• According to CASA, Part 61 will address lessons learnt from accidents. (ATSB)
    According to CASA, Part 61 will address lessons learnt from accidents. (ATSB)

CASA has pointed to several aspects of the new Part 61 licensing regulations as factors they believe will improve aviation safety.

In guidance material issued last week, CASA claimed that Part 61 would "lift safety standards ... address important lessons learned from past accidents."

According to a CASA spokesperson, several of the new rules due to come in on 1 September are a reaction to Australian Transport Safety Bureau recommendations.

"The following points are related to improving safety standards," CASA told Australian Flying.

"In respect to lessons learnt, the points below are also relevant and where necessary competency standards, specified in the MOS [Manual of Standards], have been added or modified to address safety issues identified in ATSB recommendations.
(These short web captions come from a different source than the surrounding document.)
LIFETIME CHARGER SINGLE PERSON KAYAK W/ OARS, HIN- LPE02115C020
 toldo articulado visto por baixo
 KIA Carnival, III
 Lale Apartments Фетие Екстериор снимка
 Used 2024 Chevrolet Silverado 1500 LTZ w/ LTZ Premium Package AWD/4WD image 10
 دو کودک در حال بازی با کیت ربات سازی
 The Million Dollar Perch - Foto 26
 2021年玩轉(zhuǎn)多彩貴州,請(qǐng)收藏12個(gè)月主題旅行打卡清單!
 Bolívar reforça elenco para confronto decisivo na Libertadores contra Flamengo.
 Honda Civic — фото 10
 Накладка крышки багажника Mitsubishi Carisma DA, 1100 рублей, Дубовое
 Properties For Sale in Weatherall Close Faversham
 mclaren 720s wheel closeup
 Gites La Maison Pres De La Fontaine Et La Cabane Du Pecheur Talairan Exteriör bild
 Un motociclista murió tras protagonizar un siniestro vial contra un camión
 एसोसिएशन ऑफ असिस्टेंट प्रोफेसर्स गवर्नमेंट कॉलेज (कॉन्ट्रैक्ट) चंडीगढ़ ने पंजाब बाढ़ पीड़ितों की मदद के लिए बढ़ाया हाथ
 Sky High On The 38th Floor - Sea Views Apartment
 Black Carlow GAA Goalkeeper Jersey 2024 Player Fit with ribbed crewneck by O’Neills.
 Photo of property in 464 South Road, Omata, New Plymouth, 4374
  • Introduces new ratings for activities that may be conducted as private operations - not under an AOC.  For example the low-level rating. NVIS rating recognises the potential safety benefits possible from use of this equipment in helicopter operations.
  • Proficiency checks or flight review requirement for all aircraft and operational ratings that provide periodic review of a pilots ability to exercise the privileges of the rating. Ensure a pilot remains competent to exercise the privileges of a rating and associated endorsements which currently are not required for some higher risk activities such as low-level and night VFR operations
  • Prescribed recency requirements based on complexity of skills and knowledge required to maintain proficiency to perform the activity/task safely.
  • Abolition of co-pilot qualifications. Where a flight is required to be conducted with at least two pilots, both pilots must be competent to conduct the flight to achieve the safety benefits provided by multi-crew operations.
  • Introduction of multi-crew co-operation training for all pilots engaged in multi-crew operations recognising clear evidence that good crew coordination improves the safety of operations where two pilots are required. Also similar to recent changes introduced by the FAA.
  • Aeronautical experience requirements for the grant of a ATPL was amended to limit recognition of experience in aircraft other than registered or recognised aeroplanes.
  • Flight test for the grant of a ATPL provides an assessment of a pilot’s capability to conduct a flight in a multi-crew environment reflecting the privileges of the licence. Harmonises with ICAO.
  • Recognises the safety benefits of training conducted by competent and qualified personnel. Instructor ratings and training endorsements have been created for the conduct of training for all licences, ratings and endorsements specified in Part 61. Replaces the current system of approvals granted by CASA for specialised training activities. Ensures pilots complete appropriate training to consistent standards and provides for recognition of personnel who hold tertiary qualifications in training and assessment.
  • Introduction of a simulator instructor rating for personnel who no longer conduct training in aircraft. Recognises the different skills required to deliver training in a simulator environment.
  • Additions to the helicopter standards not only harmonise with ICAO Annex standards but maintain Australia’s reputation within the international helicopter industry. This reflects developments in aircraft technology and the shift to IFR operations in the helicopter sector."

Part 61 has come under fire from industry groups recently, who have called for the 1 September date to be pushed out further.

Perhaps most vocal has been the Australian Helicopter Industry Association, which has voiced concerns over the availablility of the new Flight Examiners (formerly Authorised Testing Officers) to cope with demand, and has called for the new regulations to be written in plain English.

Further support to postpone CASR Parts 61, 141 and 142 have come from the Aerial Agricultural Association of Australia, the Aviation Maintenance Repair and Overhaul Business Association and from The Australian Aviation Associations Forum.

CASA has recently deferred mandatory transition to the new Flight Examiner rating by two years, and will keep the current regulations surrounding helicopter licensing until 2017.